■ **WHAT IS REQUIRED**
All records below are to be duplicated exactly, with every picture excluded.
INPUT DATA below:
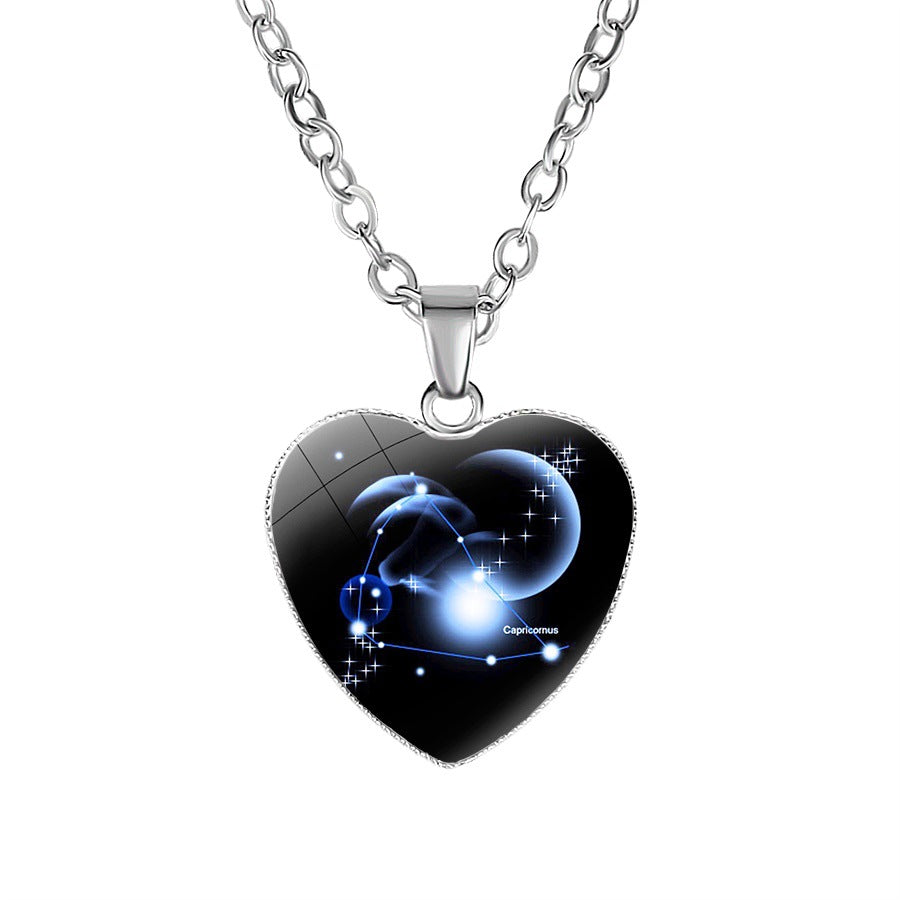 Wholesale  Twelve Constellation Heart Pendant Necklace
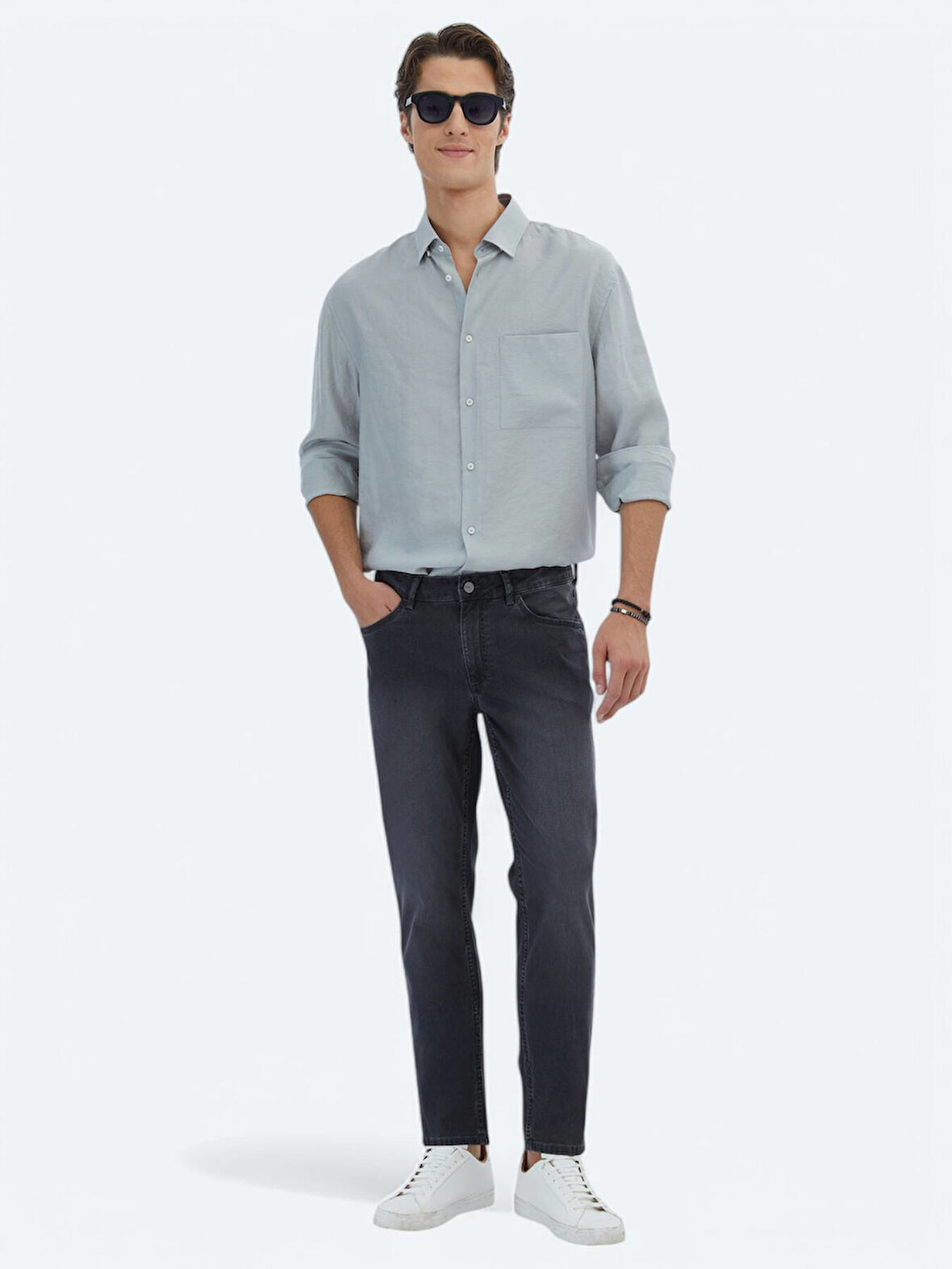 Antrasit Slim Fit Denim Pamuk Karışımlı Pantolon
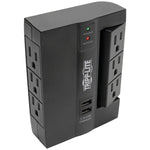 Tripp Lite Protect It! 6-Outlet 2-USB Port Surge Protector with 3 Rotatable Outlets, Black (SWIVEL6USB)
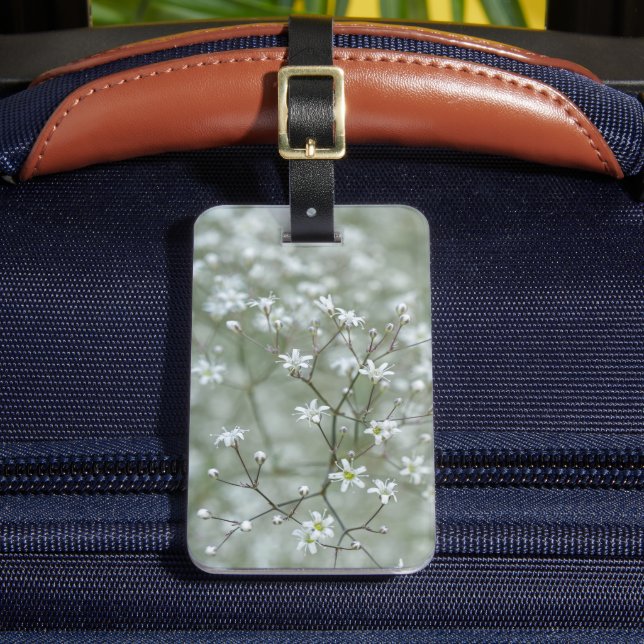 Baby's Breath Blomma Botanisk Foto Med Text Bagagebricka (Framsida Insitu 2)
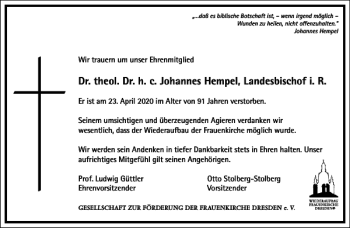 Traueranzeige von Johannes Hempel von Frankfurter Allgemeine Zeitung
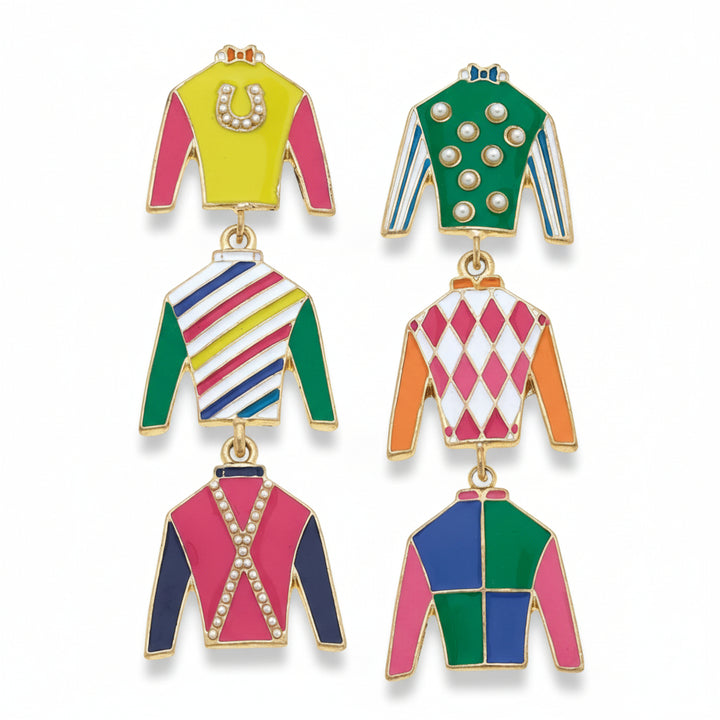 A pair of Triple Crown Jockey Silk Multi Earrings on a white background, displaying the three-tiered colorful enamel silk charms.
End of INPUT DATA.
■ **EXERCISE RESPONSE**
 Wholesale  Twelve Constellation Heart Pendant Necklace
 Antrasit Slim Fit Denim Pamuk Karışımlı Pantolon
 Tripp Lite Protect It! 6-Outlet 2-USB Port Surge Protector with 3 Rotatable Outlets, Black (SWIVEL6USB)
 Baby's Breath Blomma Botanisk Foto Med Text Bagagebricka (Framsida Insitu 2)
 Traueranzeige von Johannes Hempel von Frankfurter Allgemeine Zeitung
 A pair of Triple Crown Jockey Silk Multi Earrings on a white background, displaying the three-tiered colorful enamel silk charms.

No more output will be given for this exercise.